Streng genommen sollte man die Verwendung von Produkten tierischen Ursprungs aus Rücksicht auf Vegetarier, Veganer oder auch Allergiker kennzeichnen. Man kriegt diese Stoffe aber so gut raus, dass man die Produkte nicht mehr nachweisen kann. Das Problem haben die Allergiker.

Inwiefern, wenn nichts nachzuweisen ist, wird doch wohl nichts mehr drin sein, oder?

Auch wenn allergene Inhaltsstoffe entfernt wurden, ist eine allergische Reaktion nicht auszuschließen, da die Stoffe ja immerhin mal drin waren. Diese Weine können krasse allergische Reaktionen auslösen. Genau das gleiche gilt bei der Zitronensäure.

Aber das ist doch ein natürliches Produkt ...

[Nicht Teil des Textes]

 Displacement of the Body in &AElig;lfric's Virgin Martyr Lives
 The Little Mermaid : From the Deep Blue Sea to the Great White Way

An sich ja, aber die heute verwendete, industriell hergestellte Zitronensäure kann unter Verwendung von genetisch veränderten Organismen (GVO) hergestellt werden. Im Handel muss man per Zertifikat nachweisen, dass Zitronensäure NICHT unter Verwendung von GVOs hergestellt wurde. Verkehrte Welt ...

Wieso kommt Zitronensäure überhaupt zum Einsatz?

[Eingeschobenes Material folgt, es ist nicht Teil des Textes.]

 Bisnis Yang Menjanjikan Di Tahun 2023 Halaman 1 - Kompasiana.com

Zum Aufsäuren, wenn es ein warmer Jahrgang war und die Säurewerte sehr niedrig ausgefallen sind. War es ein kühles Jahr und die Säurewerte sind unangenehm hoch, kann man mit Zucker gegensteuern oder entsäuern.

Wenn der Verbraucher in den Supermarkt geht, was für einen Wein kauft er da eigentlich?

Im Supermarkt gibt es zwar Wein, aber meist als Massenprodukt – ohne Herkunft, ohne Heimat, ohne Gesicht und ohne Seele. Nur der kleinste Teil kommt vom Winzer: Bis zu 55 Prozent der Weine kommen von Großkellereien, gut 30 Prozent von Genossenschaften.

Viele der zugelassenen Behandlungen am Wein wären eigentlich nicht nötig, wenn man ihm gebührend Zeit geben würde. Aber die Industrie hat keine Zeit. Heraus kommt ein industrielles Massenprodukt, das zwar sensorisch verkehrsfähig ist, aber mit unserer romantischen Idee von einem handwerklich hergestellten Produkt nichts gemein hat.

Wenn Industrie-Weine kennzeichnungspflichtig wären, würden die Zusatzstoffe im "Billig-Wein" den Verbraucher abschrecken?

Als Verbraucher kann man sehr gut nachvollziehen, welcher Wein "gemacht" ist oder vom Winzer kommt. Die Großkellerei ist gekennzeichnet als Abfüllerware, beim Winzer steht Erzeugerabfüllung sowie eine Adresse darauf. Bei der Kellereiware ist meist nur der Abfüller notiert und eine amtliche Prüfnummer, die seine Verkehrstauglichkeit attestiert.

Trotzdem wäre eine Kennzeichnungspflicht der Hilfsmittel wünschenswert. Aber wie will man etwas nachweisen, dass mithilfe anderer Hilfsmittel wieder entfernt wurde? Es ist de facto ja gar nichts mehr da.